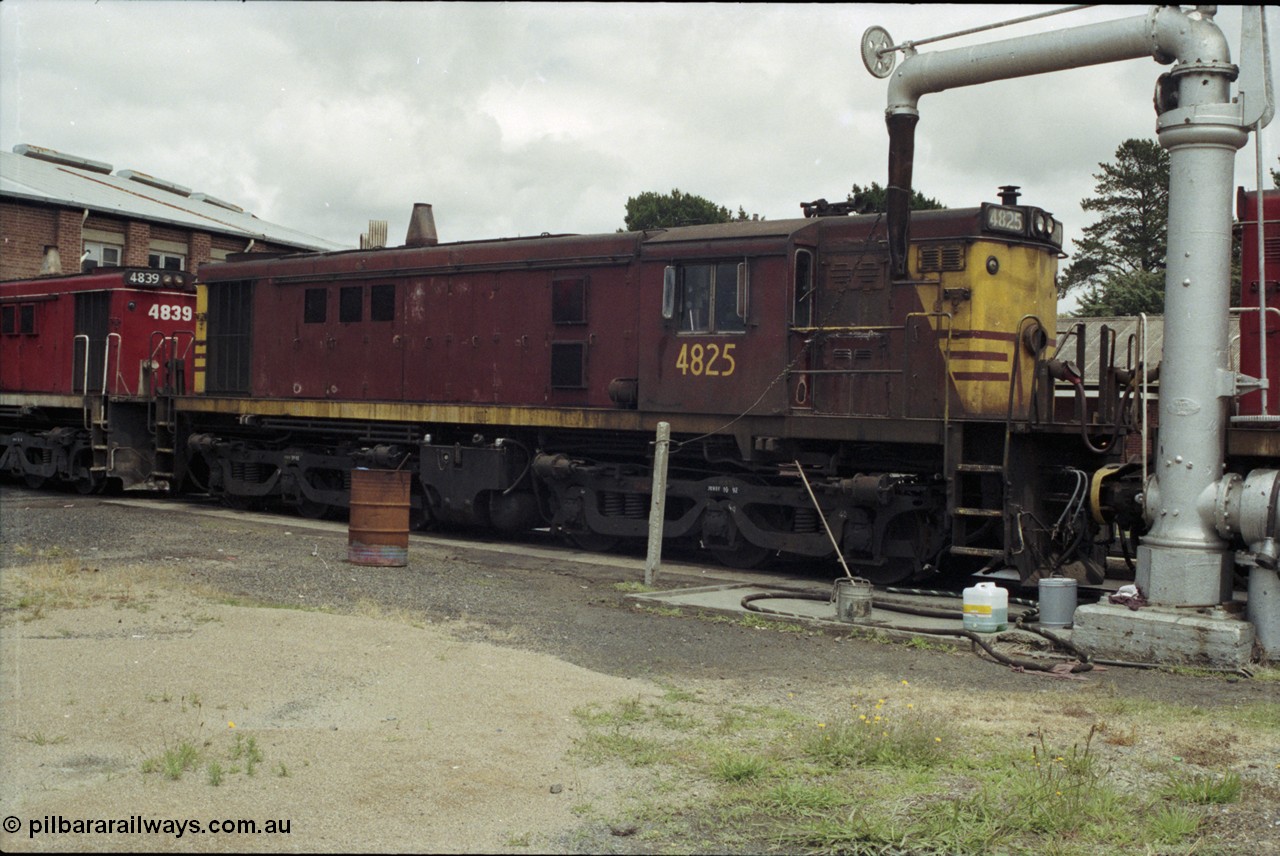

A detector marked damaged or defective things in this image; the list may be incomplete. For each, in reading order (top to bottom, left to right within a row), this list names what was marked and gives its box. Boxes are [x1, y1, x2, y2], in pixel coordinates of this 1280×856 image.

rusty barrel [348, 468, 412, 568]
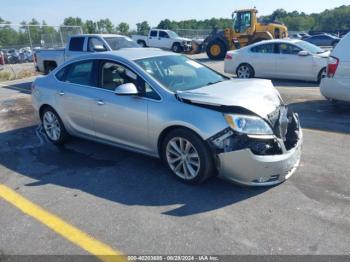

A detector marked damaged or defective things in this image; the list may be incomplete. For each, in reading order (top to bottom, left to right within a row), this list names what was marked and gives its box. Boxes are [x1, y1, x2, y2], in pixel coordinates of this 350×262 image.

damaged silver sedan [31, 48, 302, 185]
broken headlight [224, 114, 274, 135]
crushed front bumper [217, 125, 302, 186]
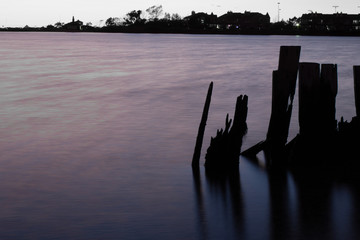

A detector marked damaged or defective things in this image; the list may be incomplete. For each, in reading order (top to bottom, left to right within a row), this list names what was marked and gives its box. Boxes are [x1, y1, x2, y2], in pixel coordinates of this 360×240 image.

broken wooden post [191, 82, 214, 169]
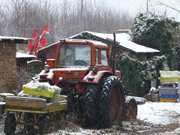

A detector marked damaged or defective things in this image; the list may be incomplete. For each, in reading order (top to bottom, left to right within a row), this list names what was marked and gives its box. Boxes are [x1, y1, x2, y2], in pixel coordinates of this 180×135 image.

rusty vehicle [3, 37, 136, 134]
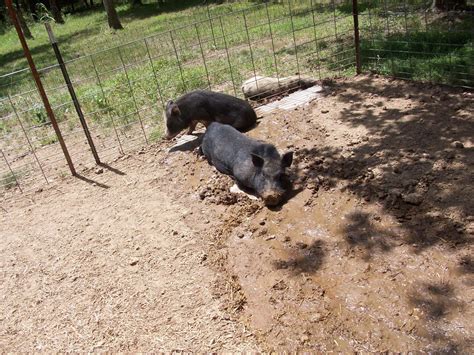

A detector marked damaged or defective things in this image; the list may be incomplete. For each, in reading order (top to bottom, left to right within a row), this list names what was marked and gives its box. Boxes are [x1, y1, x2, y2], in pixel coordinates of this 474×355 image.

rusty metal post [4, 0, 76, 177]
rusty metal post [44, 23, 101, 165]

┄┄┄┄┄┄┄┄┄┄

The lines to write out run from the one with "this 474×355 image." through the end of the records. Give them exactly, and only them.

A detector marked damaged or defective things in this image; the list may be incomplete. For each, in reading order (top to bottom, left to right within a row), this list names what was marked and gives its box. Boxes are [x1, y1, x2, y2], in pixel coordinates of this 474×355 image.

rusty metal post [4, 0, 76, 177]
rusty metal post [44, 23, 101, 165]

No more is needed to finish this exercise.